For 15 years, Tom Gore made a good living selling used cars. Before that, back in Texas, he ran his own concrete business. Both jobs, he says, depend on the kindness of the "Yes, sirs" and "No, ma'ams" that pepper Gore's Southern speech.
In the past year, after quitting a job and then getting hit by a car, homelessness has come as a rude shock to the 48-year-old, not so much for the hardship of sleeping in doorways or trying to sell Real Change with an injured leg, but the indignity of discovering that a stranger could pull a stun-gun on him and chase him up a public street -- and that he would be the one arrested.
That's what Gore says happened to him on Nov. 11 as he was selling Real Change near the door of an Albertson's grocery in Seattle at North 130th St. and Aurora Ave. N. He was handcuffed and taken to jail on a charge of pedestrian interference that was later dropped. But officers did not arrest or charge the man who Gore says brandished a Taser in his face that night and repeatedly threatened to hurt him.
The weapon was being used for self-defense, says Seattle Police Department spokesperson Mark Jamieson, which is legal. So is carrying a Taser, he says. No permit is required.
Gore says the incident began as he was standing in the parking lot closest to the door of the Albertson's, calling out "Real Change" to customers who passed him on their way to their cars. One woman who came out of the store around 9 or 9:30 p.m. didn't like being solicited and began yelling at him, he says.
"'Get away from me,'" Gore recalls her saying. "'You all are just drug addicts and alcoholics.'"

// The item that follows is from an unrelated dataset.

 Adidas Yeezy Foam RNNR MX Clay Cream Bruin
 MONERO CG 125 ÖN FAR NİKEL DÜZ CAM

Gore told her that wasn't true, and the woman started cursing at him and threatening to call the police. She walked away, but was still yelling at him over her shoulder when, further up the slope of the parking lot, he saw her come face to face with two men who were walking toward the store.
He saw one of the men talk with the woman for a moment, he says. Then the man came running at him and put a Taser in his face. "'I'll Tase you if you ask anybody else about the paper,'" the thirtysomething said, revving the device so that it made a "zhht, zhht" sound.
Gore pointed out that the woman had already left, and the two of them had no quarrel, but it did no good. "I walked off 10 feet and he came up on me again and stuck [the Taser] at my head," he says. He dodged two more lunges to his head, then turned and walked out of the parking lot and up the hill of 130th to Aurora.
The whole way up the sidewalk, he says, the two men and the sound of the "zhht, zhht" were right behind him, but the man never fired the weapon's electrified prongs. They had just reached the corner, and the man and Gore were trading words again, when four to five police officers arrived and separated them.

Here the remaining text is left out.